Charges of Plagiarism Leveled Against Poet & W. W. Norton Editor Jill Bialosky
The New York Times reports today that poet and W. W. Norton editor Jill Bialosky, author of Poetry Will Save Your Life: A Memoir (Atria Books, 2017), has been accused of plagiarism by poet and critic William Logan. In a review of the "memoir concealed within an anthology of poems," as Logan describes the book at Tourniquet Review, Logan points out several incidences where Bialosky chose to crib her source materials, which included Wikipedia, the Academy of American Poets, and the Poetry Foundation. More from the NYT:
“My rule is, check basic facts when finishing a review,” Mr. Logan said Wednesday in an interview by email. “Take nothing on trust.”
“The similarity of language made my heart sink,” he said, after he first noticed an overlap between her segment about Robert Louis Stevenson and what appears on the Academy of American Poets website.
The academy’s page says: “Born on November 13, 1850, in Edinburgh, Scotland, Robert Louis Balfour Stevenson came from a long line of prominent lighthouse engineers. During his boyhood, he spent holidays with his maternal grandfather … Prone to illness, Stevenson spent many of his early winters in bed, entertained only by … love of reading, especially William Shakespeare … and ‘The Arabian Nights.’”
Ms. Bialosky wrote: “Robert Louis Stevenson was born in Edinburgh, Scotland, on November 13, 1850. He came from a family of lighthouse engineers. During his boyhood he was prone to illness and spent many of his childhood winters in bed, entertained by reading Shakespeare and The Arabian Nights.”
After seeing that, Mr. Logan said, he checked entries on other poets.

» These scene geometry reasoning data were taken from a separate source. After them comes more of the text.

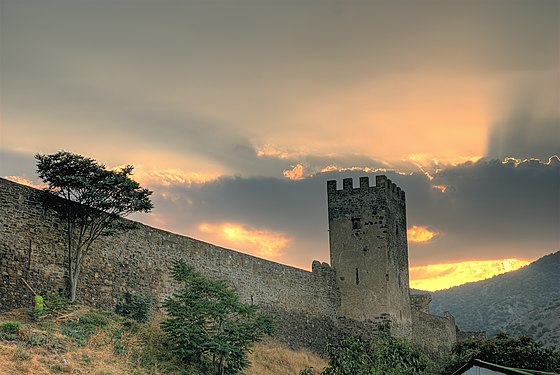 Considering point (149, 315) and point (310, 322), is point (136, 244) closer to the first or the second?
point (149, 315)

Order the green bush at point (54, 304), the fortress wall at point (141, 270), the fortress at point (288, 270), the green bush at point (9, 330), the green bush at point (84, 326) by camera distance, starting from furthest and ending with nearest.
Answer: the fortress at point (288, 270), the fortress wall at point (141, 270), the green bush at point (54, 304), the green bush at point (84, 326), the green bush at point (9, 330)

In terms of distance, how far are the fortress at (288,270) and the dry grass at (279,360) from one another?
1282 millimetres

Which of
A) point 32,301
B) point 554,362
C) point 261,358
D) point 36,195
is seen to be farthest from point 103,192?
point 554,362

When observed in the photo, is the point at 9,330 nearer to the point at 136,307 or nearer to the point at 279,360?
the point at 136,307

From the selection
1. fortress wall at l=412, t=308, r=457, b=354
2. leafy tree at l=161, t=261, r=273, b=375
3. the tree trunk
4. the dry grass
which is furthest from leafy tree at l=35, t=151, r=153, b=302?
fortress wall at l=412, t=308, r=457, b=354

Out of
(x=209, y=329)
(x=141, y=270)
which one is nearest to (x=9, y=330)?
(x=209, y=329)

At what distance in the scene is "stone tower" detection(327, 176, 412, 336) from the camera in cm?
3906

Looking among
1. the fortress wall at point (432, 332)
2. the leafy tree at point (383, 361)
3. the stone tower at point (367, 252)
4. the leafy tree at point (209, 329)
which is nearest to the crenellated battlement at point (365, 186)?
the stone tower at point (367, 252)

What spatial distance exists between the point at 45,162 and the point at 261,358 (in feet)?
37.4

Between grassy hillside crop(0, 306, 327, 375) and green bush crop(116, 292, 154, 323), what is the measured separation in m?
0.54

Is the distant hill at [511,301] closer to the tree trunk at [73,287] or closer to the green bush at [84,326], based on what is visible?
the tree trunk at [73,287]

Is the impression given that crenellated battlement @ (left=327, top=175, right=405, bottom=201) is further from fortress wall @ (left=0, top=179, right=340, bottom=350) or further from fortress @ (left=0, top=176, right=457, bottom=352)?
fortress wall @ (left=0, top=179, right=340, bottom=350)

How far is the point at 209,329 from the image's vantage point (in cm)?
2556

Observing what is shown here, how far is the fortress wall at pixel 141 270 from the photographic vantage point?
947 inches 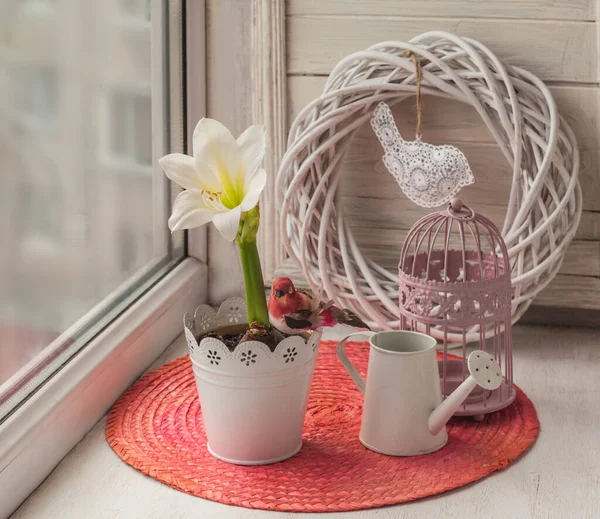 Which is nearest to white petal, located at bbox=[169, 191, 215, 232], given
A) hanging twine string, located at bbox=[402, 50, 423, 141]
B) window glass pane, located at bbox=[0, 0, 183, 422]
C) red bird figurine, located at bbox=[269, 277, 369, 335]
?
red bird figurine, located at bbox=[269, 277, 369, 335]

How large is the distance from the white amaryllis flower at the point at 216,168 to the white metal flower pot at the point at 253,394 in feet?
0.57

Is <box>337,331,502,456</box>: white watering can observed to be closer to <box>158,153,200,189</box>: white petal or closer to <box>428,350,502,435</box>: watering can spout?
<box>428,350,502,435</box>: watering can spout

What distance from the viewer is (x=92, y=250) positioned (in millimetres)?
1448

The Times also points to their original review of the memoir:
In a review of “Poetry Will Save Your Life” in August, The New York Times Book Review dinged the premise of Ms. Bialosky’s memoir. “The notion that generates such an anthology-memoir, the idea that poems must be filtered through a scrim of ordinary language and life in order for us to commune with them, in order that they be ‘understood’ in some definite way, is wrongheaded and, indeed, condescending,” Simone White wrote.